Proceedings of the XLV Italian Society of Agricultural Genetics - SIGA Annual Congress

Salsomaggiore Terme, Italy - 26/29 September, 2001

ISBN 88-900622-1-5

 

 

 

MARKER FREE TRANSGENIC PLANTS BY CO-CULTIVATION WITH TWO A. TUMEFACIENS STRAINS

 

BERIO T., FILIDEI E., GIOVANNINI A., MORREALE G., ALLAVENA A.

 

Istituto Sperimentale per la Floricoltura, C. so Inglesi 508, 18038 Sanremo, Imperia

 

 

attP, co-expression, co-segregation, co-transformation, cre/loxP

 

Transgenic tobacco plants were obtained following co-cultivation with two A. tumefaciens strains carrying the pGreen/pSoup vector system. Six independent, transformed T1 genotypes expressing both the selectable (NPTII) and the screenable (35SGUS) marker genes, were recovered on selective, medium. In two transformation experiments the co-expression frequency  was 5.2 and 9.3%. respectively. Histochemical assay showed that  the 35SGUS gene segregate following a 3:1 ratio in the progenies of five T1 genotypes and following a 15:1 ratio in a  progeny. Data regarding regeneration on kanamicine selective medium demonstrate that the NPTII gene segregation was 3:1 and 15:1 in three and one T2 progenies respectively; two T2 progenies segregate in a ratio higher than 63:1. PCR analysis, performed with primers specific for NPTII and GUS genes, confirmed expression data. Moreover, unexpressed NPTII genes were identified in five and six progeny plants of two T1 genotypes.
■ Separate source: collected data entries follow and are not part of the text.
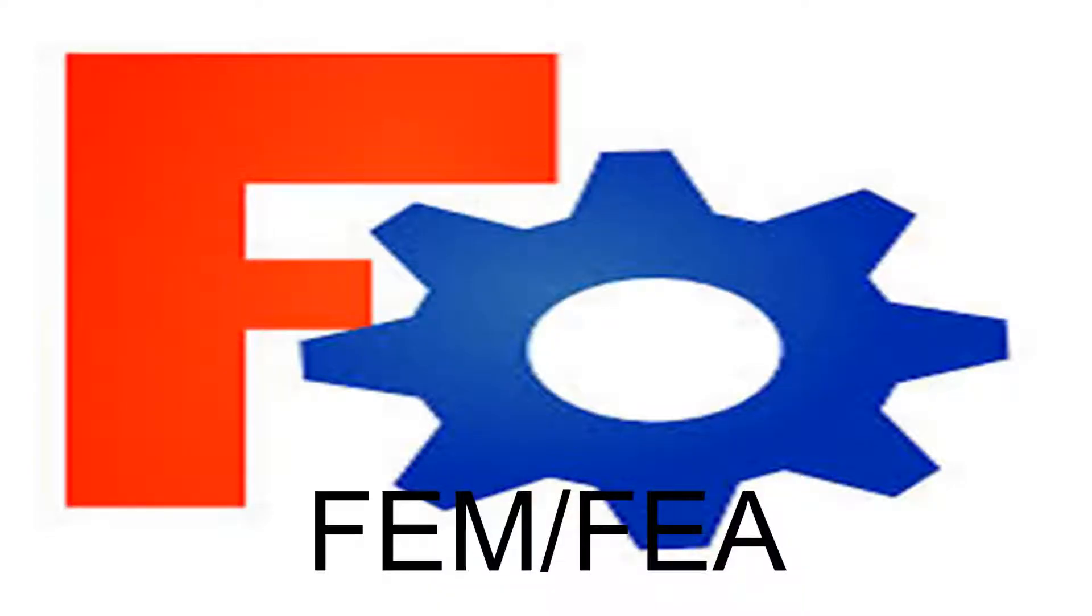FreeCAD's FEM Workbench, is it okay? It's freeware after all.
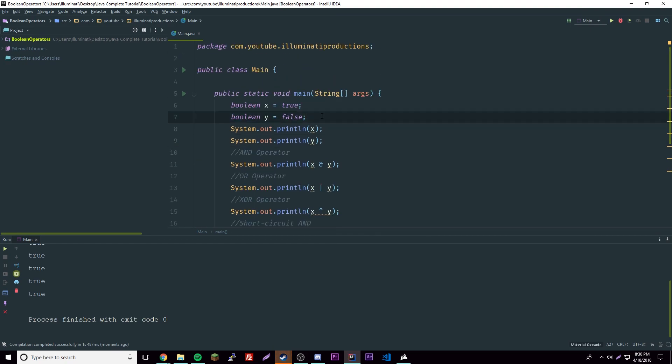Those are the basic boolean logic operators. I hope you enjoyed this episode — if you liked it leave a like, if you want to see more subscribe. I'll be posting a video every day hopefully, and if you have any questions leave a comment. See you later, peace.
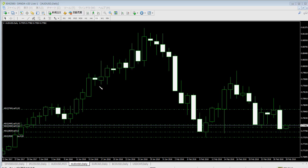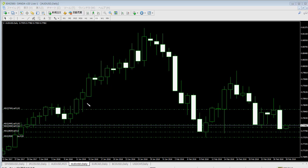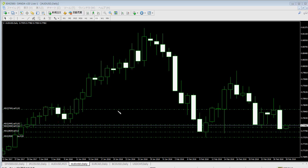A white-to-black color change with only two candlesticks is not a same color continuation. Same color continuation must consist of at least three candlesticks. Here is a valid example: one, two, three — same color continuation — then a color change from black to white. Put a sell stop order at that candlestick low, price hits and goes down.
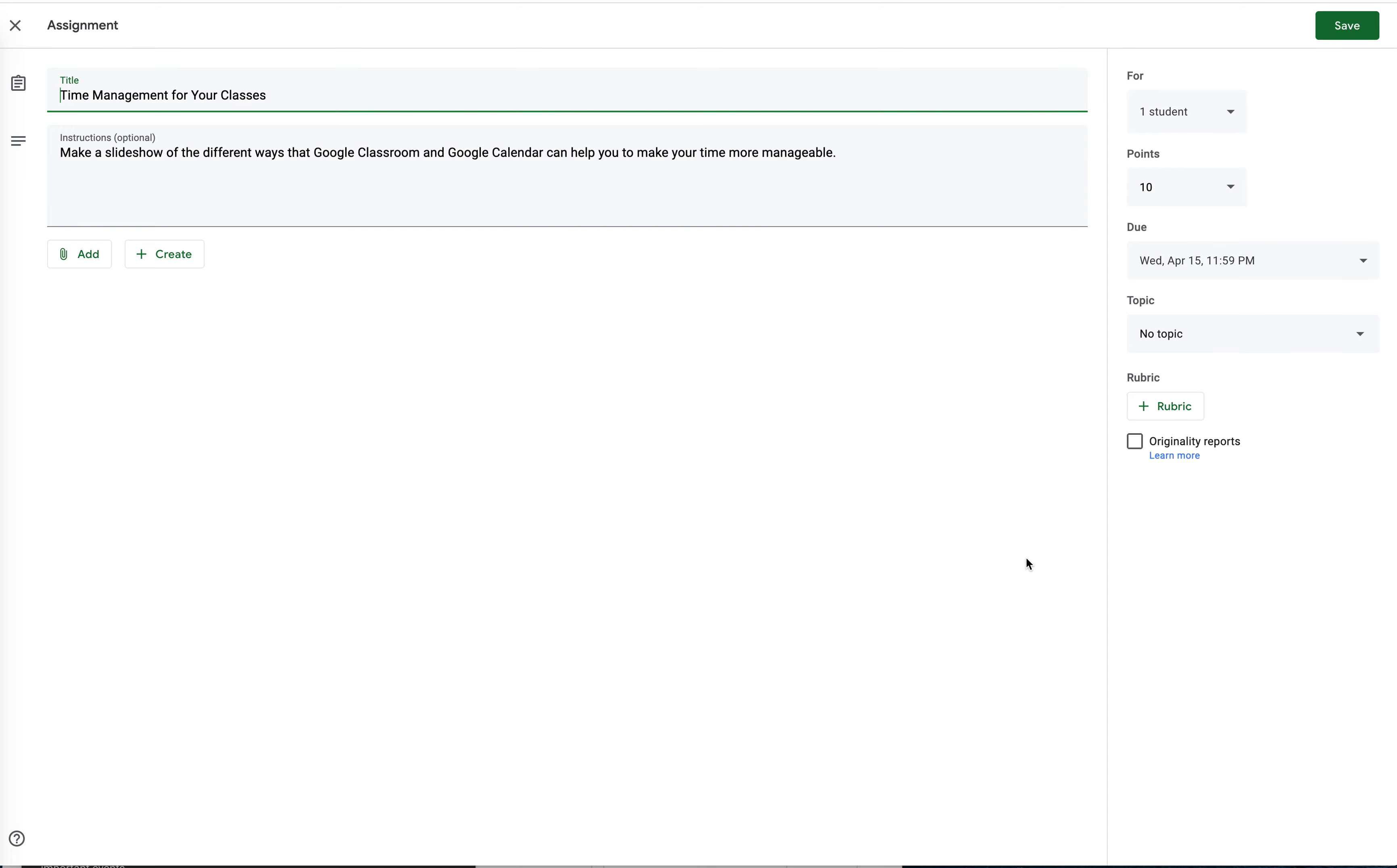Excellent question about making a rubric in Google Classroom. I think it's a really good thing to do. There are a few ways to do it.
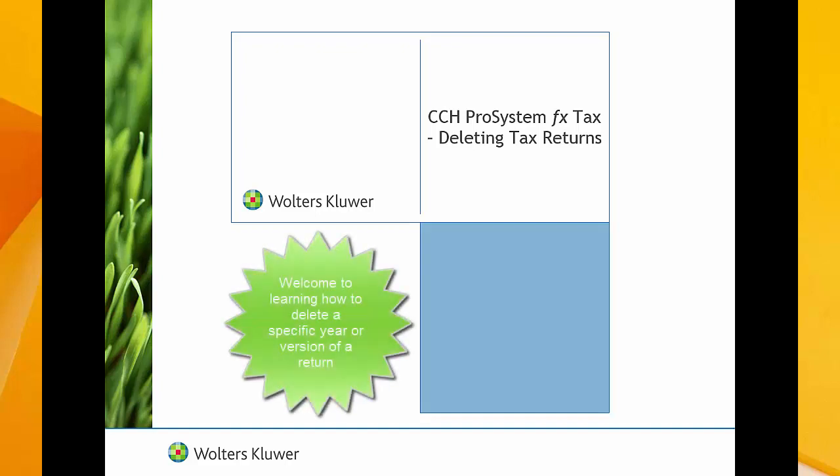Hello. Welcome to the video to learn how to delete a specific return in CCH ProSystem fx Tax.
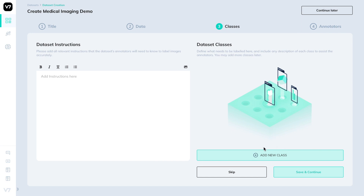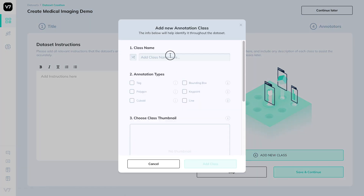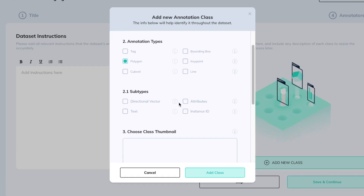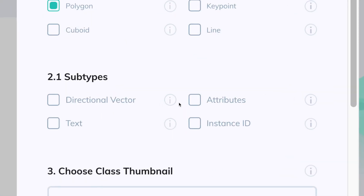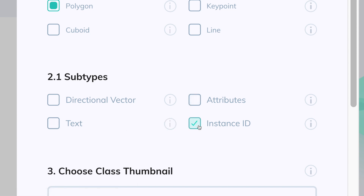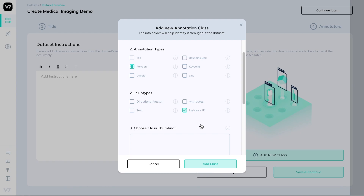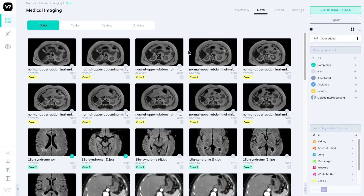When our data is uploaded, let's create some classes. I'll create a heart class, give it a polygon mask annotation type, and then we can give it some subtypes. These can be directional vectors to show their pointing, attributes to add more detail, instance IDs, or text. We'll be adding instance IDs since this is a 3D segmentation project.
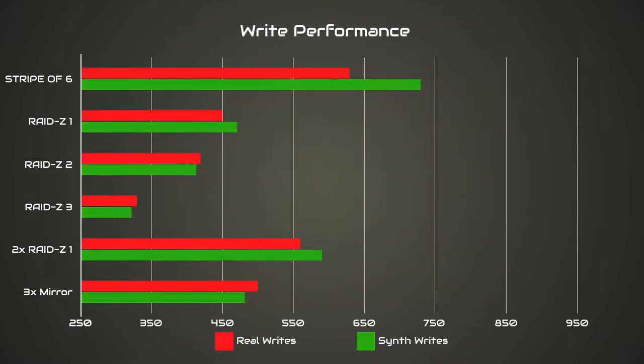When we switch over to writes, overall the RAID Z array scores came down much lower than expected. This is compared to all the other non-RAID Z results. In this situation, the community suggested two RAID Z1 arrays actually did amazingly well with very good write performance, almost the best of the bunch, only being beaten out by the stripe of six disks.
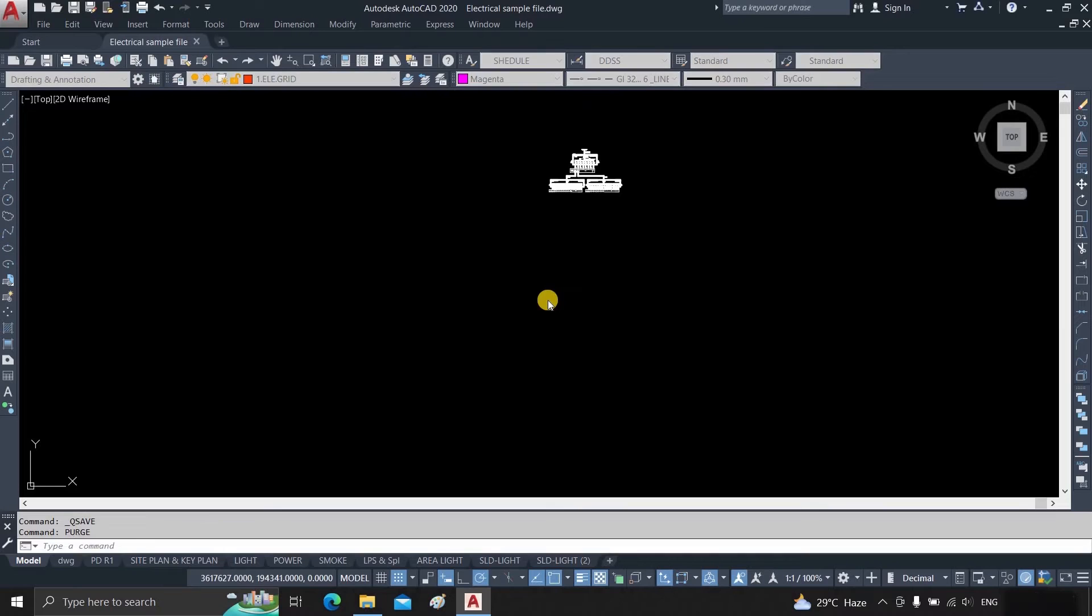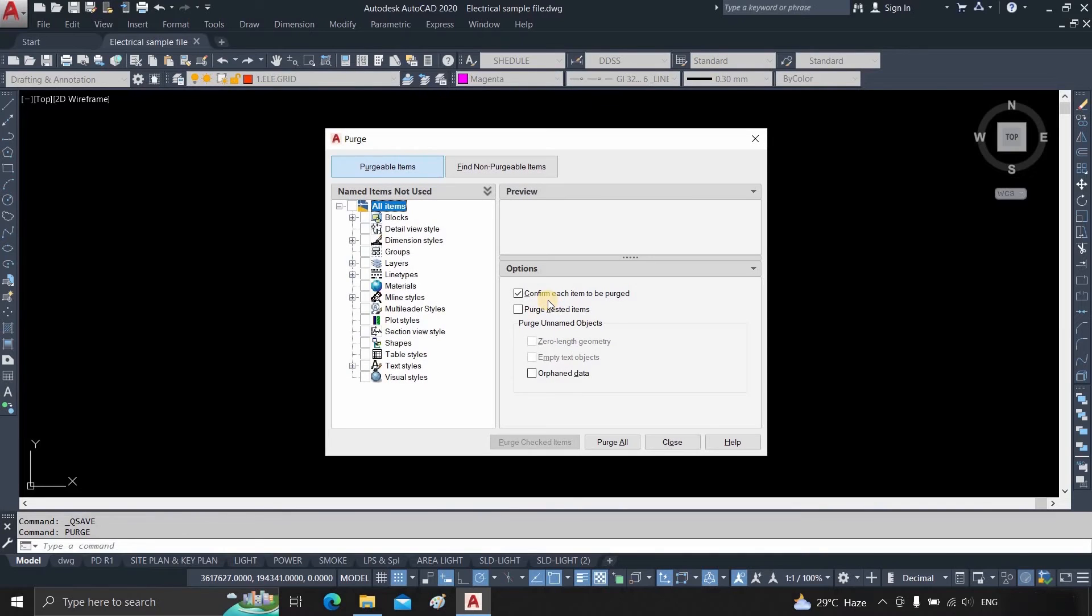After entering the command, a Purge window will appear. Here you can see a list of the compressible items shown.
Recombinant phenotypes (GUS⁺ Km^S and GUS^- Km^R) were present in all  progenies but the phenotype of our interest (GUS⁺ Km^S) were identified, up to now, in the progeny of only one T1 genotype. Southern blot analysis confirmed the transgenic nature of T1 genotypes and progeny plants. The performances and the efficiency of our transformation system will be compared with data reported in literature regarding other methods used to generate marker-free plants. The potential of the proposed system for the production of marker free plants in crop species will be discussed.